How Lincoln High School Is Rewriting What Peer Mentoring Can Be

Just outside Ann Arbor, in Ypsilanti, Michigan, Lincoln High School has always taken pride in welcoming new students. For years, their Link Crew program helped freshmen feel seen as they entered high school—orientation days, welcome events, and upperclassmen leaders cheering them on.

But over time, a deeper question surfaced:

What happens after the first day of school? Who is still checking in once the balloons are gone and the schedules are set?

Lincoln didn’t just want a strong welcome event. They wanted a year-long web of support where every freshman had someone in their corner.

So, they made a bold shift:
From event-based orientation → to relationship-based peer mentoring.
From “We welcome you” → to “You have an advocate all year long.”

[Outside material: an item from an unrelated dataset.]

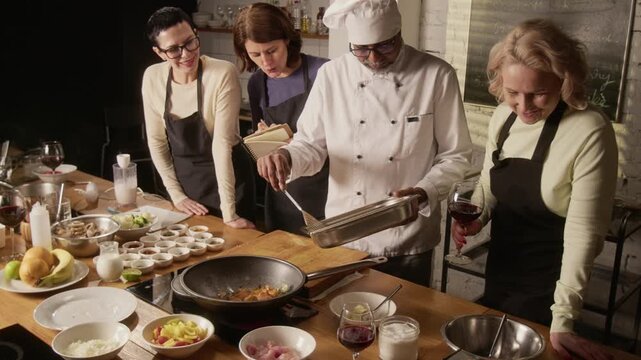 High angle shot of chef putting seasoned chicken into frying pan while group of women taking notes during cooking master class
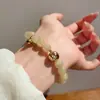Pulsera de Cristal Optimizada con Cuentas de Piedra Ojo de Gato Natural 2026 Nueva Moda Pulsera Versátil Joyería de Mano de Nicho de Alta Gama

The Shift: From Orientation to Advocacy

Traditional orientation models are powerful—but often short-lived. Students get hyped up, learn where the bathrooms are, maybe meet a few older students, and then… school starts. The energy fades. The relationships don’t always stick.

Lincoln leaders saw the gap.

They didn’t want mentorship to be a one-time moment. They wanted it to be a structure of belonging students could count on.

So they began to redesign their approach:

  • Every freshman would be paired with a peer mentor, not just for a day, but for an entire year.

  • Mentors wouldn’t just run activities; they would build relationships, check in, and become a consistent point of connection.

  • The focus expanded from “getting students started” to walking with them through the messy middle of freshman year—socially, emotionally, and academically.

What the Data Says: Belonging Isn’t a Feeling—It’s an Outcome

In the first year of this reimagined peer mentoring model, Lincoln didn’t just hope it worked—they measured it.

Students were asked about their experiences with their mentors, and the results were striking:

  • 94.1% of freshmen said their mentor influenced them to do well in school.

  • 67% said that after just two sessions, they felt comfortable seeking support.

Those aren’t just “nice to know” numbers. They tell a story:

  • Freshmen aren’t just hearing that people care—they believe it.

  • Trust is being built quickly and intentionally.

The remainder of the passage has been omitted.